Blog Entry: Sixth Circuit Rules that the Class Action Fairness Act Means What it Says
May 1, 2017
Author: Jeremy Gilman (former Partner at Benesch Law)
A statute, distilled to its essence, is thought conveyed through words. And when those words are understandable and coherently arranged, there’s nothing for courts to do when adjudicating disputes involving them, other than to apply them as written.
Simple, isn’t it?
In theory, yes. But theories don’t wear judge’s robes.
Fast forward to Flint, Michigan, and the water crisis it’s been enduring since 2014. Let’s let the Sixth Circuit Court of Appeals set the stage:
“Prior to April 2014, Flint purchased treated water from the City of Detroit. Thereafter, the city began using the Flint River as its water source. The Flint River water was not treated with corrosion-inhibiting chemicals, and this led to a multitude of serious problems with the local water supply. Residents complained that the water was discolored and foul-smelling. There were reports of skin rashes, hair loss, and vomiting after drinking and bathing in the water. And most disturbingly, many children in Flint were found to have high levels of lead in their blood stream.”
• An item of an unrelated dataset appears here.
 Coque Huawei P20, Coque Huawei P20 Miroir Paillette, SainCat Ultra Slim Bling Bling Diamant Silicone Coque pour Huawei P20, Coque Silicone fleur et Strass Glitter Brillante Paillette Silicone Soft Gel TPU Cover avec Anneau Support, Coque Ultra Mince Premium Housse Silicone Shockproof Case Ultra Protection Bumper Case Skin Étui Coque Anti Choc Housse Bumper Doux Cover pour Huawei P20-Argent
Lawsuits followed, including a putative class action filed during July 2016 in a Michigan state court against one of the City of Flint’s engineering firms and one of its consultants. The claims? Negligence, intentional and negligent infliction of emotional distress, and unjust enrichment.
Defendants removed the case to federal court, claiming that doing was proper under the Class Action Fairness Act – CAFA, for short – because the amount in controversy exceeded $5 million, the putative class consisted of at least 100 persons, and “minimal” geographic diversity between the parties existed (that is, at least one class member was a citizen of a state different from that of any defendant).
Plaintiff did not dispute these facts, but contended that the case was not removable and should be bounced back to state court. Why? Because this case, it argued, was a “local controversy” under CAFA, and therefore not eligible for removal. A “local controversy” is one in which more than two-thirds of the would-be class members are citizens of the state in which the case was first filed, at least one significant defendant is a citizen of that same state, and the alleged injuries were incurred in that state.
The district court sided with plaintiffs: this was, it held, a local controversy, so it entered an order shipping the case back to state court.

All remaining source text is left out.